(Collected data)
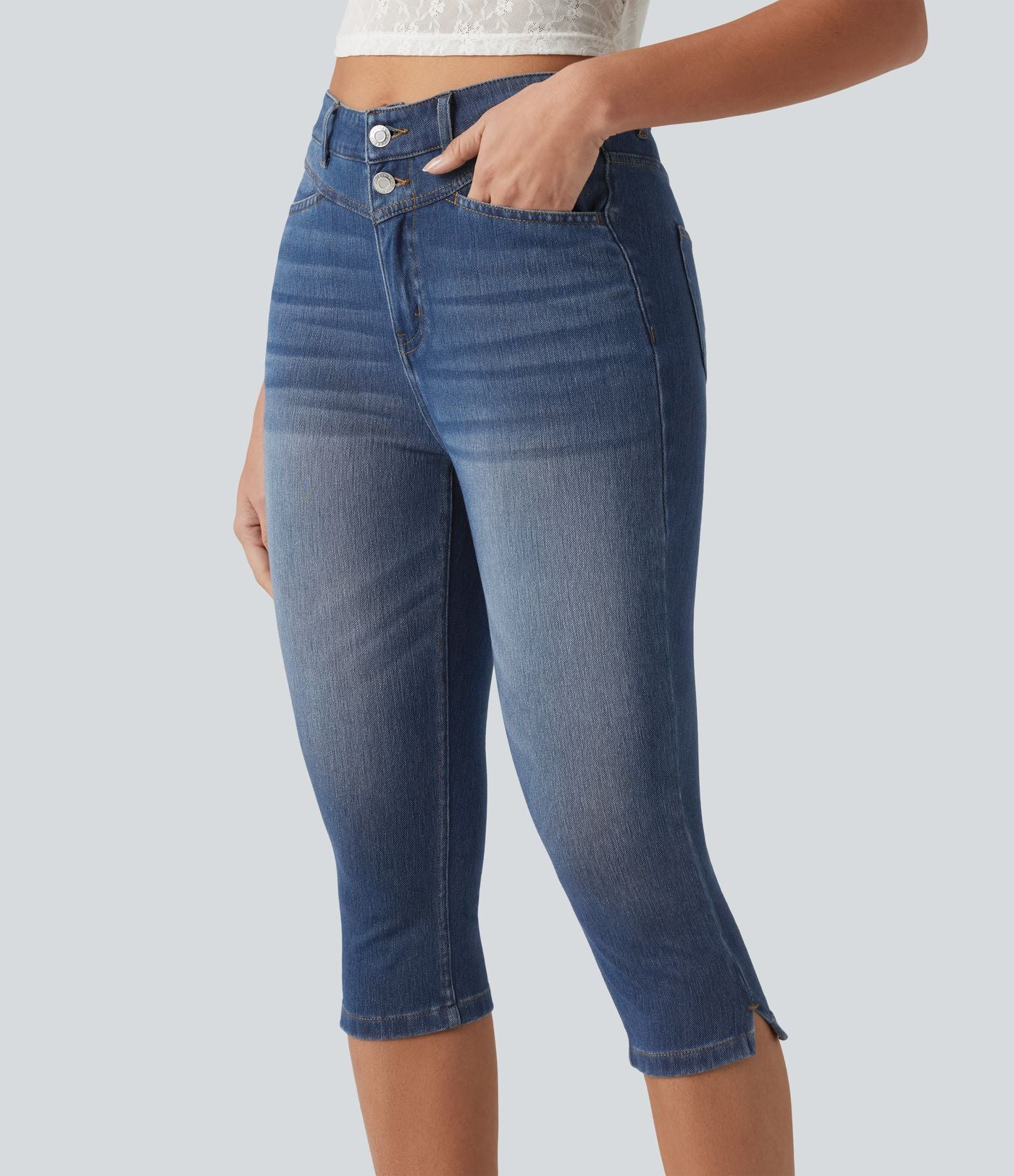 Halara Flex™ Jean slim casual capri taille haute avec fentes et poches
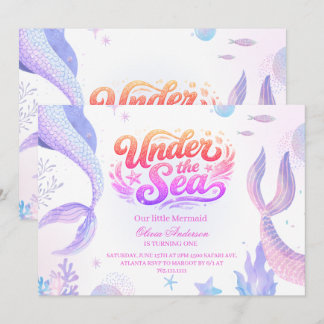 Oneder the Sea Mermaid 1st birthday girl  Invitation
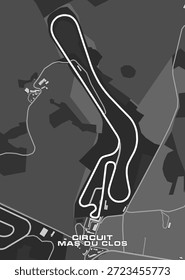 Mapa de la pista de carreras del Circuit Mas du Clos. La pista está delineada en blanco y serpentea a través de un paisaje de diferentes tonos de gris, que representan diferentes terrenos.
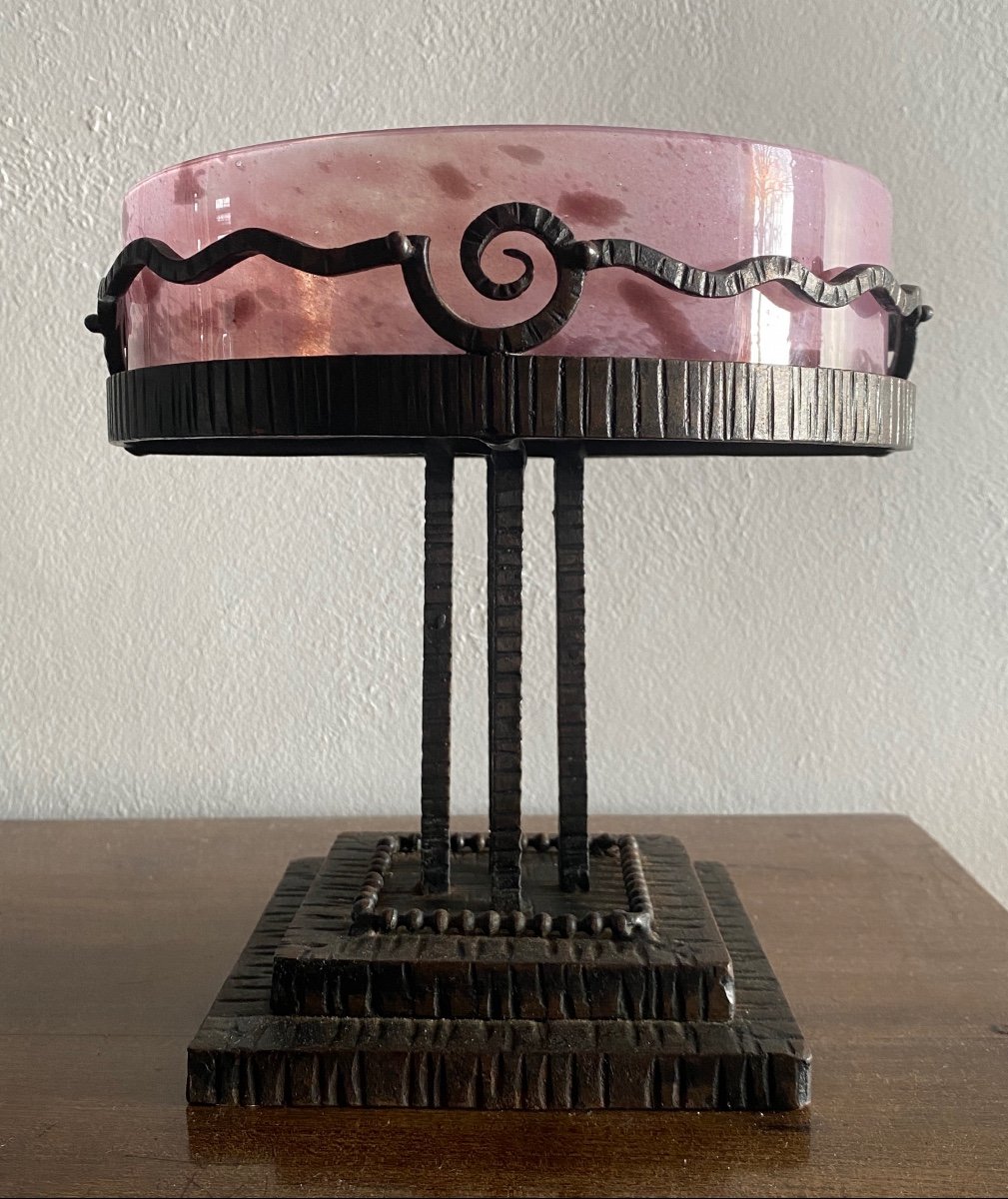  Coupe Ou Centre De Table En Fer Forgé Et Verrerie Art Déco XX ème. -photo-2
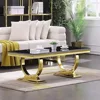 Gold Coffee Table for Living Room,Luxury Coffee Table 48" Black Rectangle Living Room Table with Gorgeous Gold Double U-Base 1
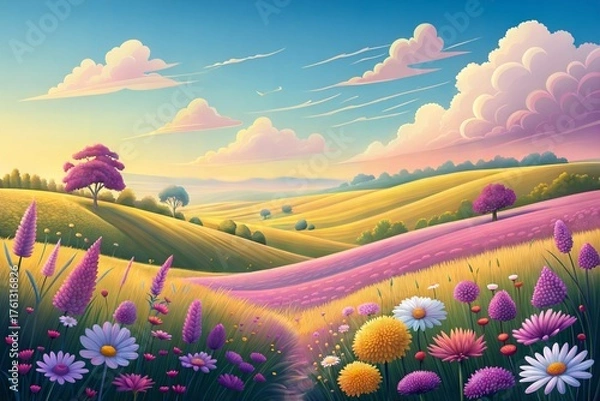Obraz Colorful Wildflower Meadow with Rolling Hills and Blue Sky Summer Landscape illustration.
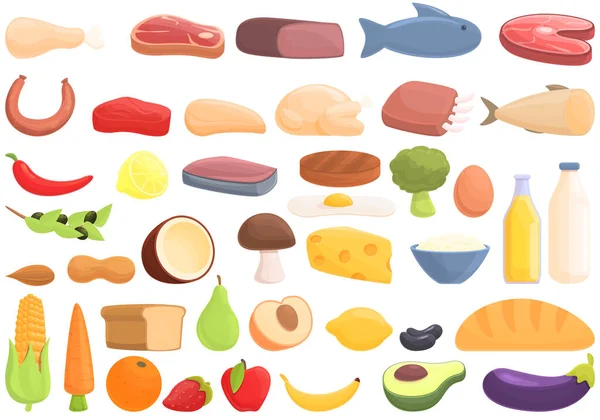 Proteína conjunto de ícones de nutrientes, estilo cartoon —  Vetores de Stock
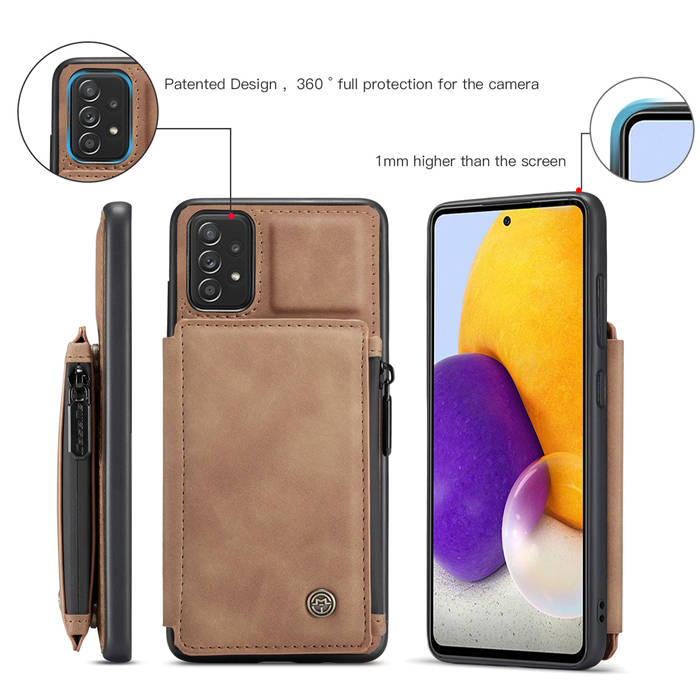 CaseMe Samsung Galaxy A72 5G Zipper Pocket Card Slots Case Brown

### [TASK TO COMPLETE]
Pictures stay out. Repeat only the lines from the beginning of the data through the line that has "Obraz Colorful Wildflower".

### [WRITTEN RESPONSE]
 Halara Flex™ Jean slim casual capri taille haute avec fentes et poches
 Oneder the Sea Mermaid 1st birthday girl  Invitation
 Mapa de la pista de carreras del Circuit Mas du Clos. La pista está delineada en blanco y serpentea a través de un paisaje de diferentes tonos de gris, que representan diferentes terrenos.
  Coupe Ou Centre De Table En Fer Forgé Et Verrerie Art Déco XX ème. -photo-2
 Gold Coffee Table for Living Room,Luxury Coffee Table 48" Black Rectangle Living Room Table with Gorgeous Gold Double U-Base 1
Obraz Colorful Wildflower Meadow with Rolling Hills and Blue Sky Summer Landscape illustration.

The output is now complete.